No entanto, o desespero não descarta, com o agravar da permanente humilhação e perseguições por motivações discriminatórias de todos quantos serviram José Eduardo dos Santos, deixando de fora – contudo – muitos outros que igualmente o serviram mas porque têm agora o Poder nas mãos são quem determina que é, ou foi, ladrão bom e ladrão mau.
É grave espezinhar a Constituição e as leis, na lógica de elas não valerem nada, quando em causa estiver a vontade irascível de um poder usurpado humilhar quem cumpriu ordens e serviu a República, no consulado passado (pelo mesmo partido politico, afinal, uma quadrilha de gatunos e corruptos unidos como todos os dias se torna cada vez mais inequívoco).
É meritório e de se aplaudir o combate contra a corrupção, mas seria de elevada nobreza que todos, a começar pela cúpula do MPLA pedissem desculpas aos povos angolanos, pela delapidação do erário público, uma vez não haver, entre si, inocentes. Na verdade, em matéria não só política como de lisura civilizacional, se alguns sabendo não se pronunciaram antes, são cúmplices, com iguais responsabilidades.
Muitos (cada vez mais) especulam, verdade ou mentira, que se João Lourenço disputasse eleições internas, no MPLA, nunca as venceria. É, hoje, uma especulação que, contudo, à luz das práticas seguidas tende a ser uma verdade irrefutável.
A indicação foi uma aposta pessoal e exclusiva de José Eduardo dos Santos. Diz-se estar arrependido com a perseguição aos filhos e a outros membros do MPLA que, aliás, foram tão servis a bajuladores quando João Lourenço. Outros, dizem que a maioria dos dirigentes, mesmo os assumidos “lourencistas” estão contra essa perseguição, ódio e falta de gratidão. Mas, recorde-se, também a estes se aplicará um dia a lei do silêncio cúmplice e da responsabilidade partilhada.
Talvez, nesta fase, ninguém saiba onde está a verdade, mas muitos actos a todos intrigam. Talvez por não se justificarem alguns métodos, considerados inovadores, depois de 38 anos de poder unipessoal de José Eduardo dos Santos. A prática mostra (já não é possível esconder mais, apesar dos megalómanos investimentos na propaganda interna e externa), haver um sentido de revolta e ódio pessoal de João Lourenço contra tudo que respira José Eduardo dos Santos, fazendo-nos ver no actual Presidente do MPLA não um estadista de, pelo menos, mediana estatura moral e ética, mas um pigmeu. Só assim se compreende que, numa orgia canibalesca, queira matar o seu criador.

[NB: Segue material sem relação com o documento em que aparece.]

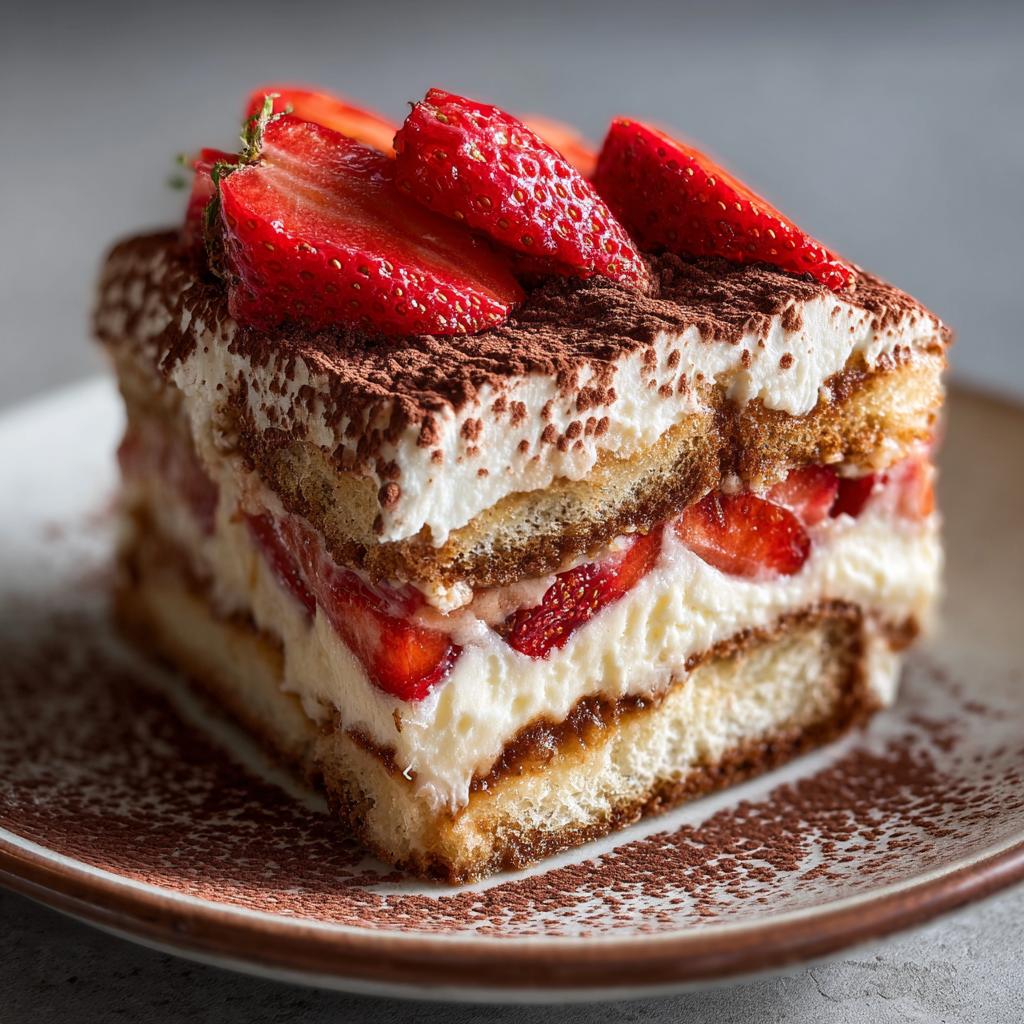 Porción de tiramisú de fresa con capas de crema, bizcocho y fresas frescas en un plato.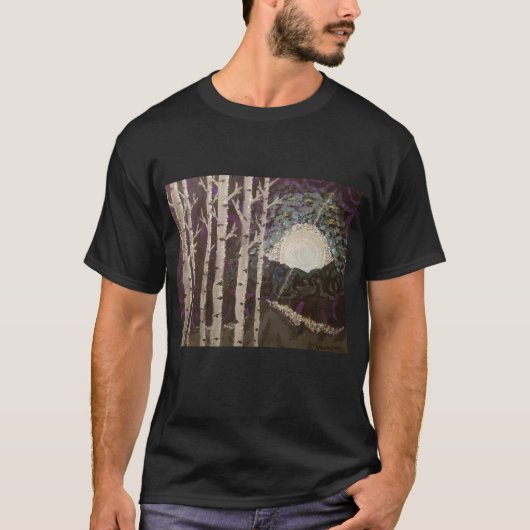 Impression d'art sur un T-shirt "Aspens in Moonlig (Devant)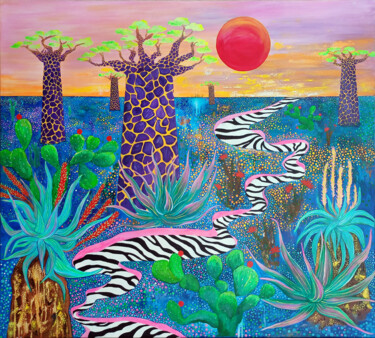 Schilderij getiteld "Africa. Thirst for…" door Sandraeva, Origineel Kunstwerk, Acryl Gemonteerd op Frame voor houten brancard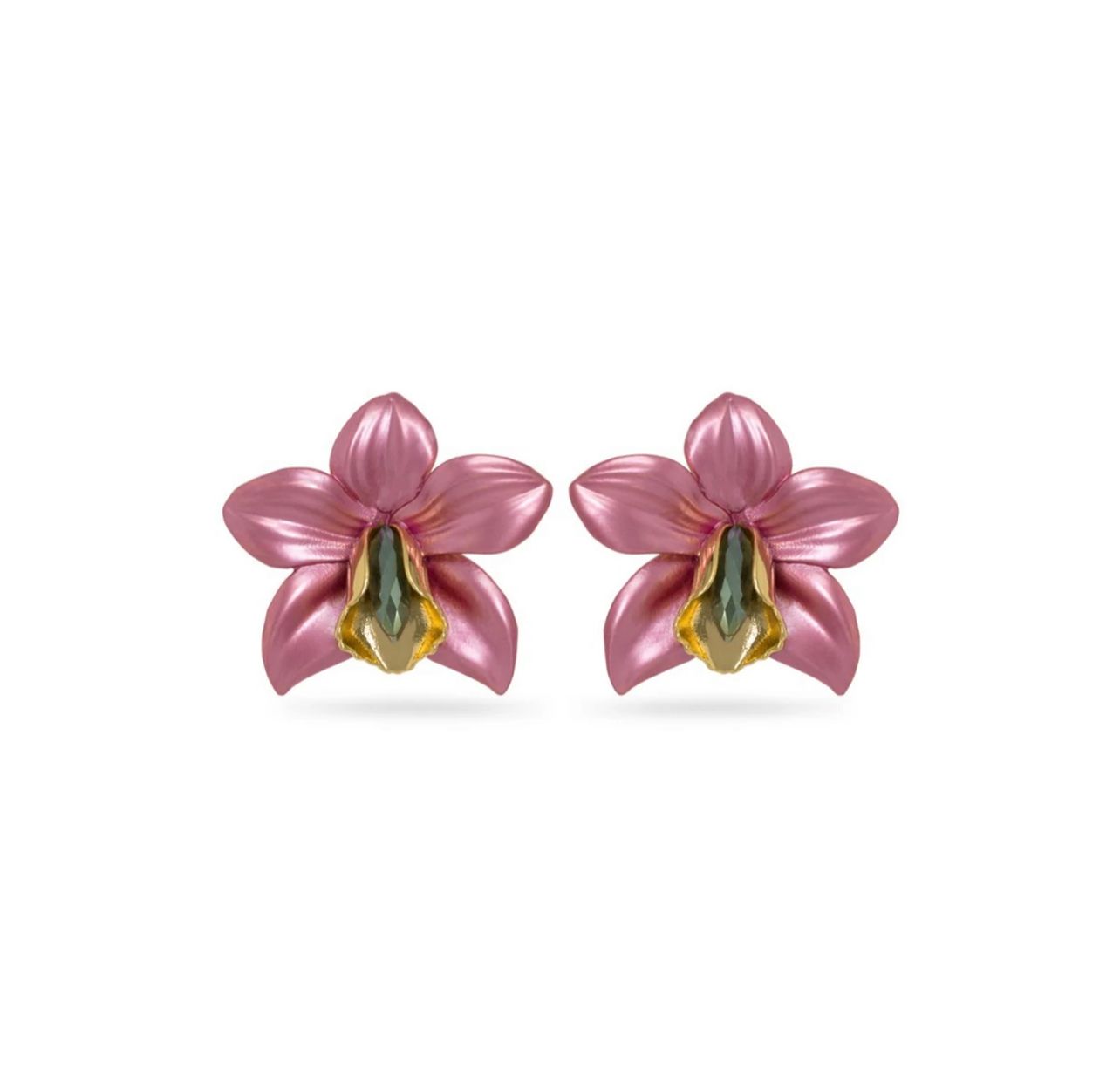 Valliyan Magenta Orchid Earrings Pink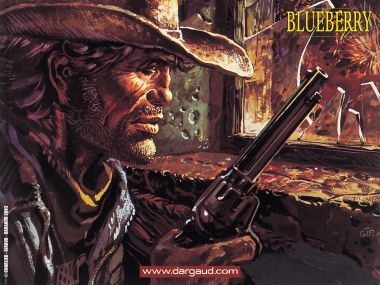 Blueberry Western Cowboy Tense Gun Illustration Wallpaper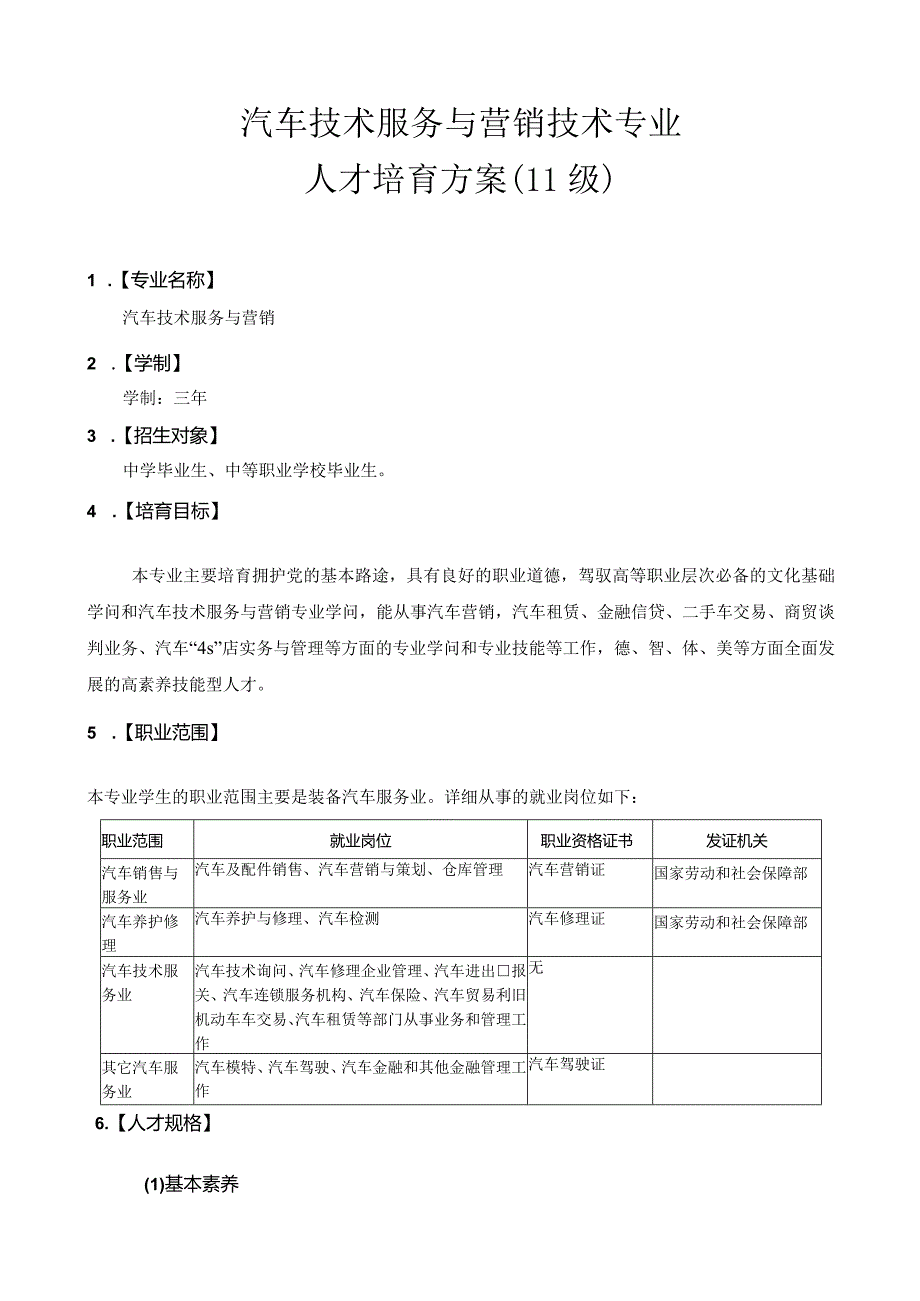 2024级汽车技术服务与营销专业教学计划.docx_第1页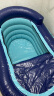 灏琦泡澡桶充气浴缸成人浴盆洗澡桶可折叠浴桶家用汗蒸儿童沐浴桶加厚 【无线闪充】蓝（1.4米）加高4层 实拍图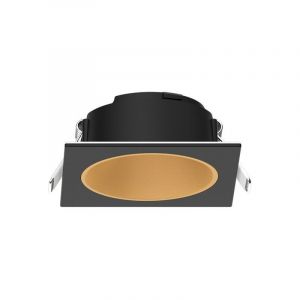 Vision-El Collerette Basse Luminance pour LED IP20 82mmx82mm Noir/Dorée - perçage de 68x68mm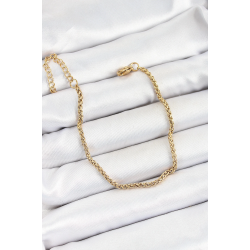 Mey İthalat® 316L Çelik Gold Renk Örgü Burgu Zincir Erkek Bileklik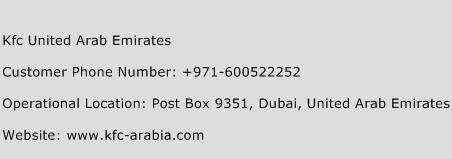 Kfc United Arab Emirates Phone Number Customer Service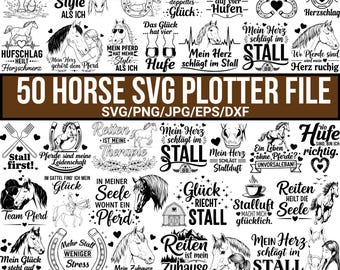 Horse Plotter File SVG Bundle, Pferde Svg, Rodeo PNG, Running Horse Svg, Horses Svg, Horse Shirt Svg, German Svg, Horseshoe Svg, For Cricut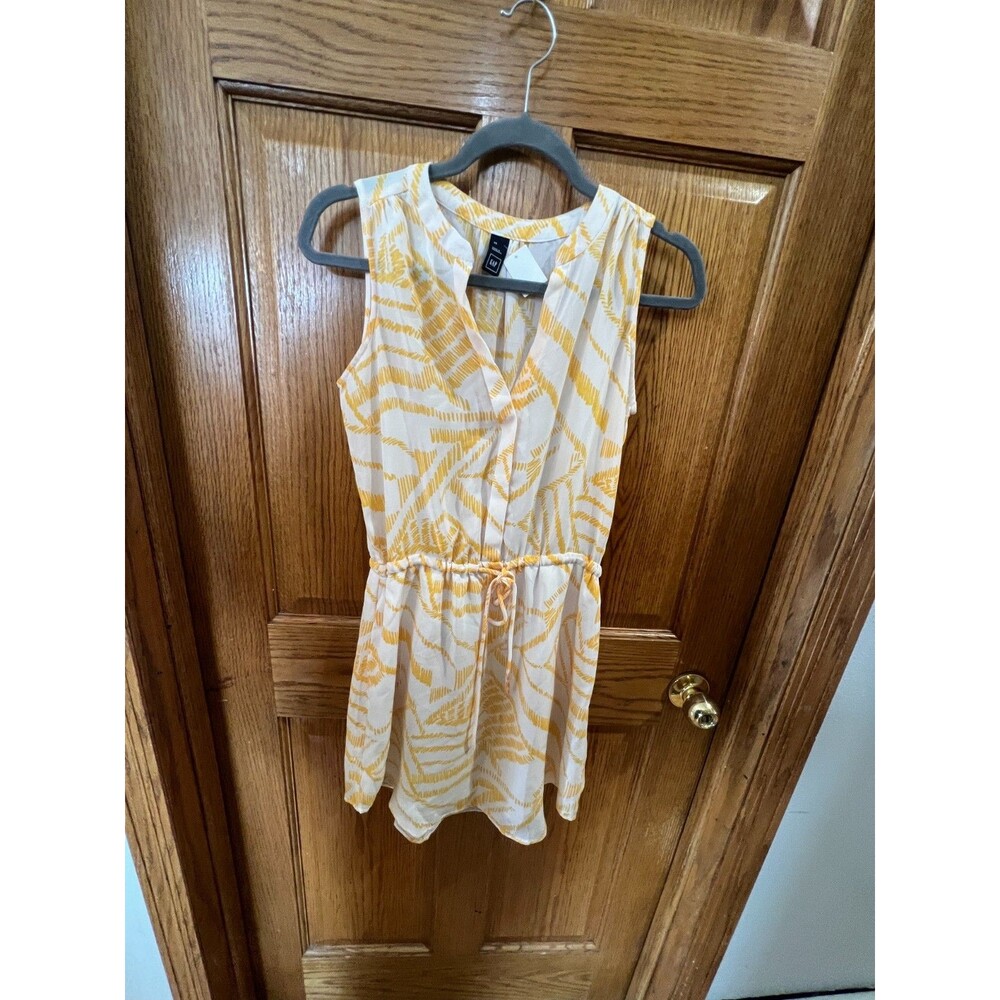Gap Summer Mini Dress Womens XS Fresh Yellow Sleeveless Drawstring Waist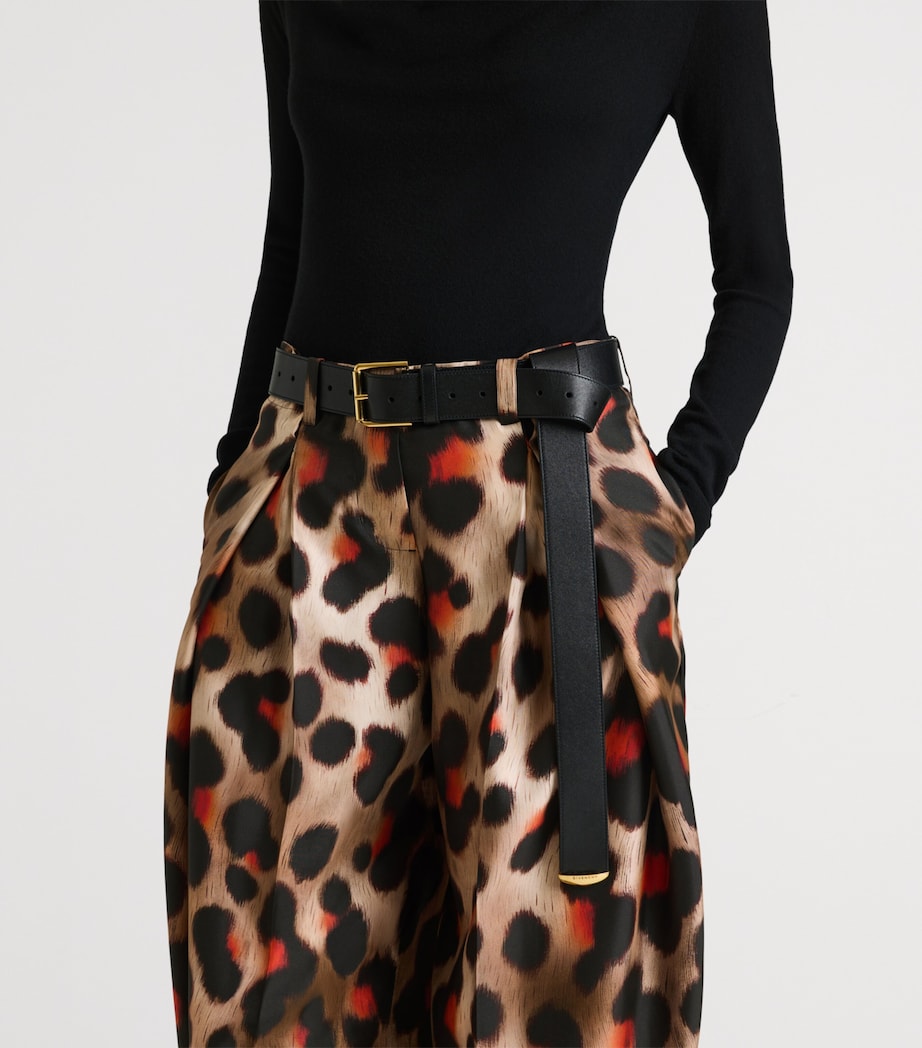 Givenchy Womens Silk Leopard Tailored Trousers Image 5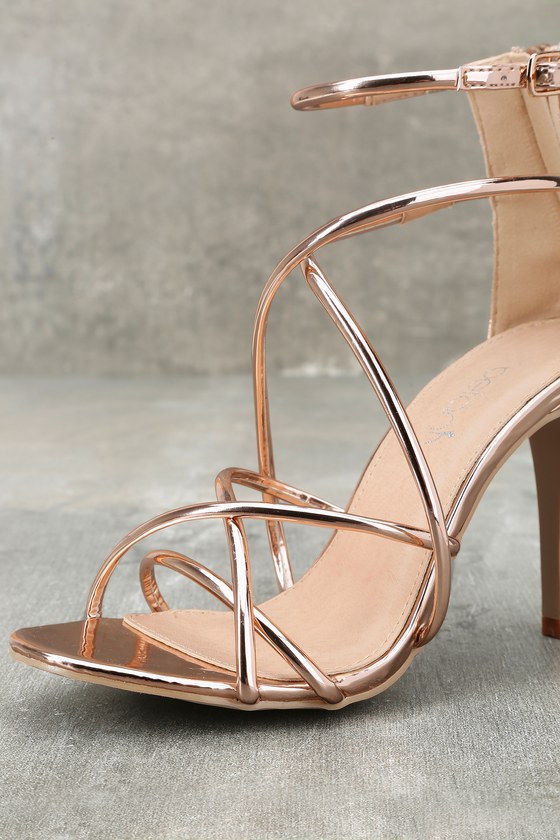 champagne gold heeled sandals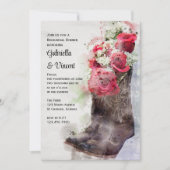 Rote Rosen Cowboy Boots Hochzeit Probe Dinner Einladung (Vorderseite)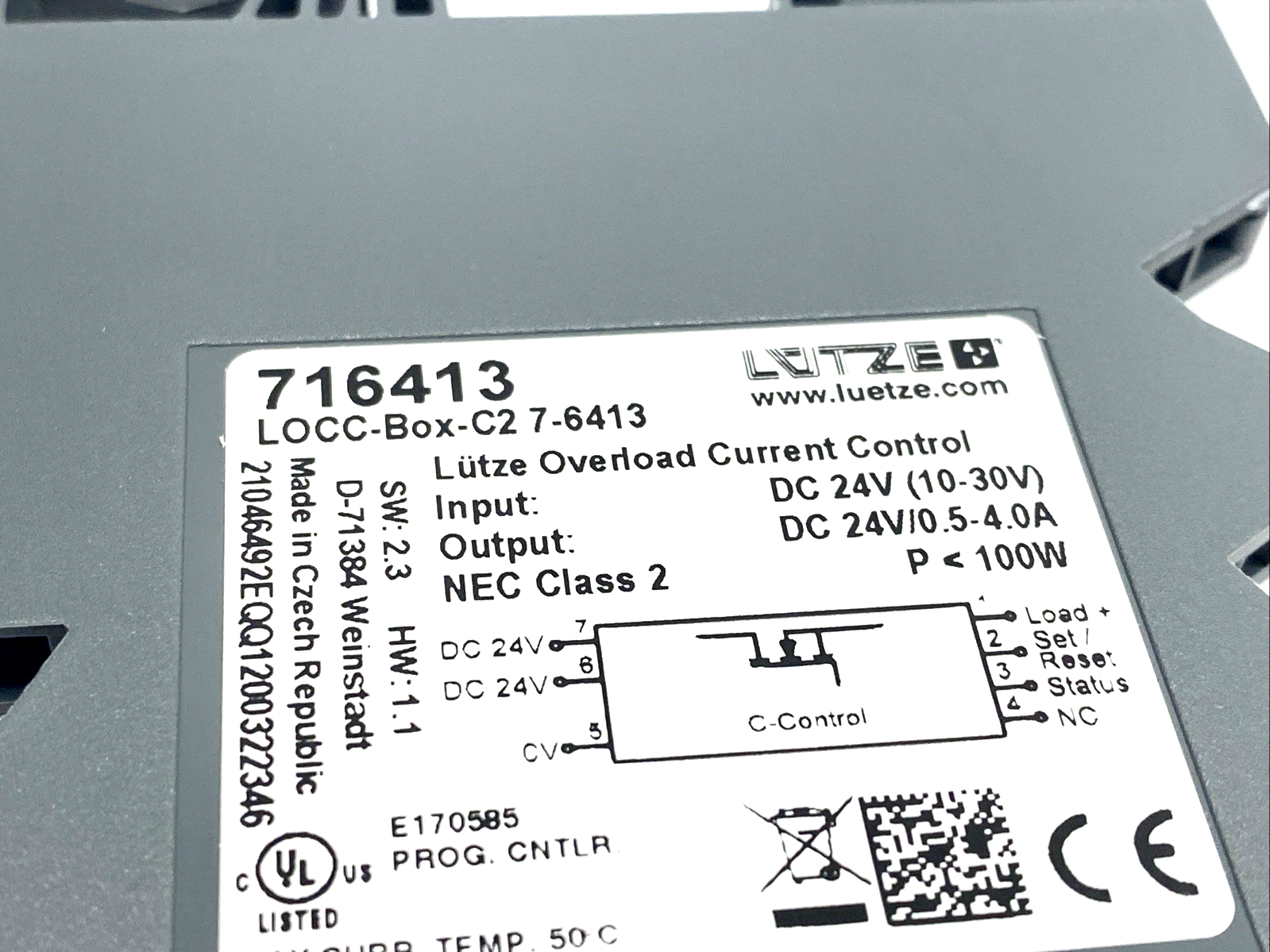 Lutze 716413 Load Monitoring Overload Current Control LOCC-Box-C2 7-6413 - New – Open box - Maverick Industrial Sales
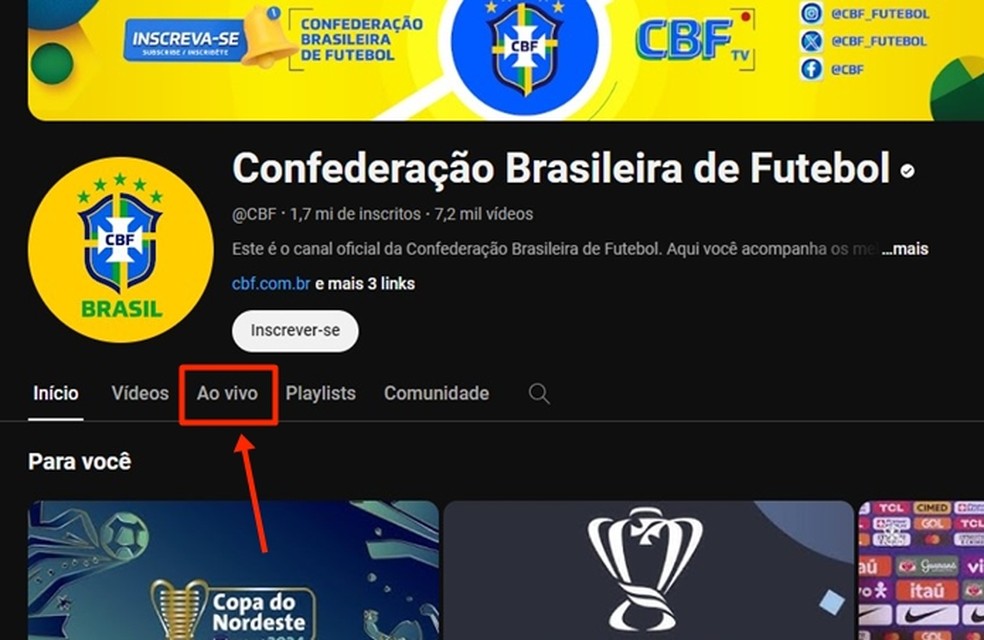 Dentro do menu “Ao Vivo”, no canal da CBF no YouTube, espectador visualiza as atuais transmissões online e em tempo real — Foto: Reprodução/Gabriela Andrade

A vingança pessoal, que a maioria – cada vez menos expressiva e solidária com o populismo – desconhece a origem, é perniciosa por, visivelmente, estar também a desestabilizar o país do ponto de vista financeiro e económico, arrasando a credibilidade externa e pouco se importando com a interna.
Institucionalizar uma querela pessoal como método de gestão de Estado é mesquinho, perigoso e até explosivo, num país como Angola, onde a fome tem pressa e, ironia do destino, até ser cidadão, agora ficou caro…
A cidadania custa mais de 80% do salário mínimo, significando, que a maioria dos pobres, não terá personalidade jurídica, tão cedo, logo serão marginalizados pela Constituição. Impor um clima de terror, não é avisado e racional, por levar à indagação geral da figura de Presidente da República ter sido substituída pela de Xerife da República.
Diante deste quadro, que muitos consideram de descaracterização do Estado, será que todos irão continuar mudos, impávidos e serenos? Essa descaracterização, não belisca e machuca a imagem e credibilidade do próprio MPLA e do regime, que lidera há 45 anos?